# TASK DATA
━━━━

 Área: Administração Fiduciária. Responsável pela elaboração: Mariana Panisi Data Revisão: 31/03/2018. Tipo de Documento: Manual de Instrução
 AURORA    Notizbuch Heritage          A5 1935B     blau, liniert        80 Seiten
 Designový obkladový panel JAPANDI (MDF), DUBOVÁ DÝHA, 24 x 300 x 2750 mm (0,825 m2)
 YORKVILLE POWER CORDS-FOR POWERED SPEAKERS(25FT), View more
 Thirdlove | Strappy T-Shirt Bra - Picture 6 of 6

━━━━

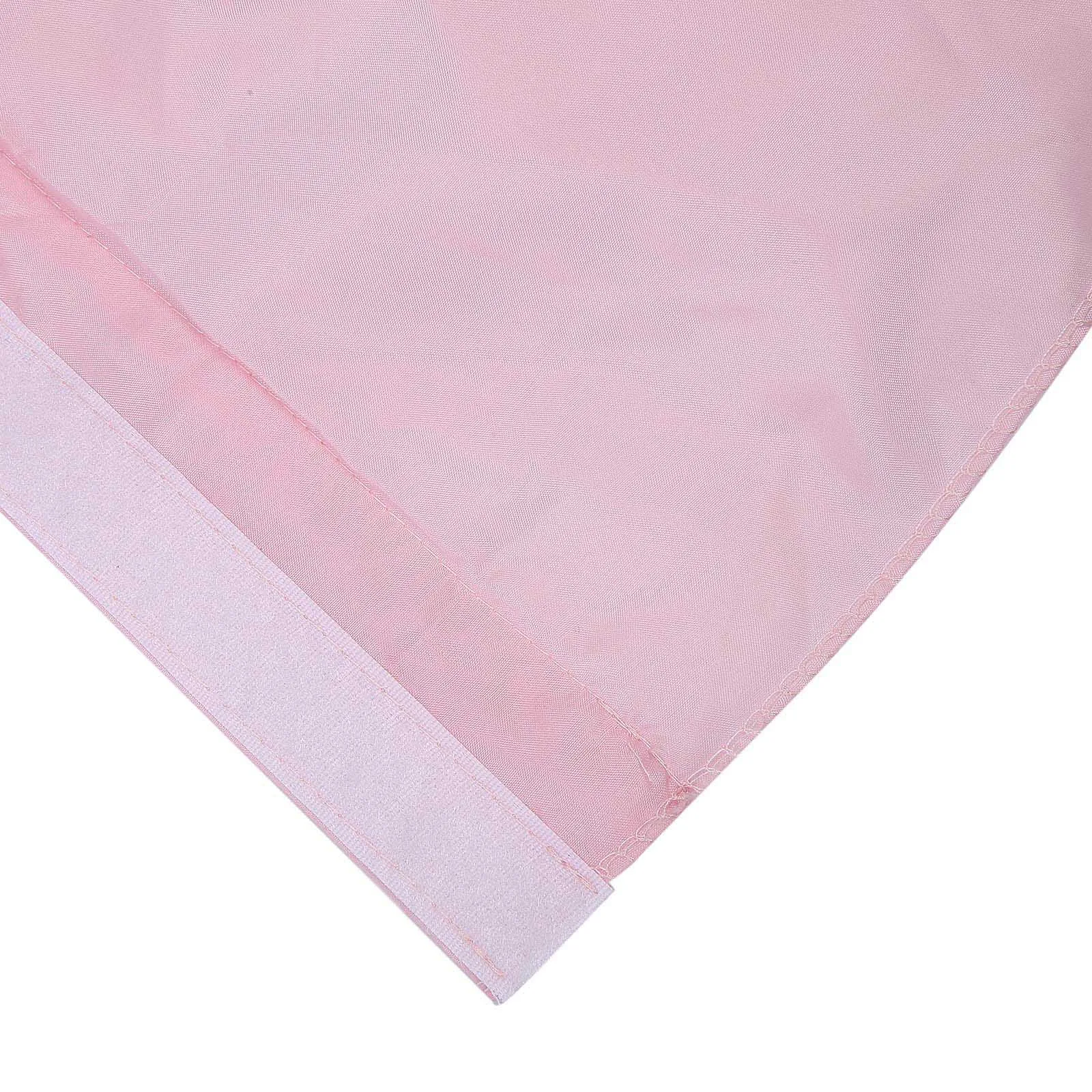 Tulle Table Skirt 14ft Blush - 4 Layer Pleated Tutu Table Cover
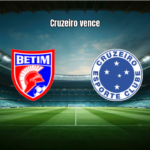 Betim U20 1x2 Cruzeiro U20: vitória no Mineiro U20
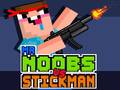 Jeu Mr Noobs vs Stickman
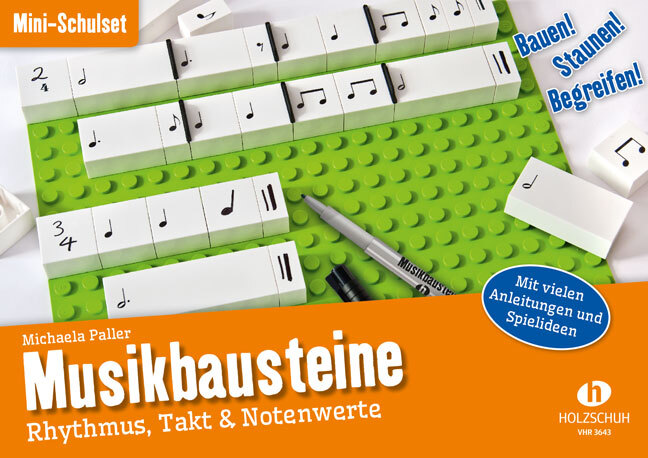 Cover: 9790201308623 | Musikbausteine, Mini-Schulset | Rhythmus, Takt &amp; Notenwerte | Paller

━━━━

# WHAT THIS TASK INVOLVES
Would you restate, exactly and with no pictures, the lines of the entries above from the one containing "Betim U20 1x2" through the one containing "Cover: 9790201308623 |"?

# TASK RESULT
 Betim U20 1x2 Cruzeiro U20: vitória no Mineiro U20
 Jeu Mr Noobs vs Stickman
 Cover: 9790201308623 | Musikbausteine, Mini-Schulset | Rhythmus, Takt &amp; Notenwerte | Paller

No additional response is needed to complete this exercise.